Often when we want to compare two groups we would like to compare them on equal footing, and often times it is difficult (or impossible) to get samples of the same size.  In these cases we should consider reporting an overall percent (or proportion or rate) as opposed to counts so that the comparisons for each group are not influenced by the size of the sample taken.

Say we are looking at using a new curriculum to teach awareness about gambling to elementary school children.  We take two classes and pilot a different curriculum at each one.  After the program is over we test the students on their knowledge.

A blue dot means that a student passed the test while a red dot means a student didn't pass the test.  If we just count the number of passes we see Classroom A had 10 students that passed while Classroom B had 9 students that passed.  However, Classroom A has 40 students but Classroom B has 18.  Due to the unequal sample size we should not compare straight counts here, instead we should look at the percent of students that passed (the number that passed divided by the overall number of students in each class, then multiply the result by 100).  So for Classroom A we have 10/40=0.25 which means 25% of the students passed, and for Classroom B the results were 9/18=0.5 which is 50% of the students.  Even though more students passed in Classroom A a higher percent of students passed in Classroom B.  So we have evidence that the curriculum in Classroom B is better overall. 
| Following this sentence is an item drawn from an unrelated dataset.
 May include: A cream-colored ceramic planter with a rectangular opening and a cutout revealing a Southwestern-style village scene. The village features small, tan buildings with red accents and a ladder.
Remember that when we want to make comparisons between groups do not let the size of each group skew the result.  Taking percentages can help us compare what is actually important and keep us pointed towards the truth

Wednesday, June 27, 2012

Much Ado About Nothing


Surprisingly one of the most complex topics in statistics is dealing with nothing.  Nothing in our data can be something such as a question in a survey that was accidentally left blank, all the way to an data actual value of zero.  The trick to being able to correctly handle “nothings” in our data is to understand why it was there in the first place.

The simplest case is when we know we have a legitimate value of zero in our data.  For example, if we asked how many times we've used a park in the last year, we would expect there to be people who really did not use the park at all.  In these cases of nothing we do not need to take any special action.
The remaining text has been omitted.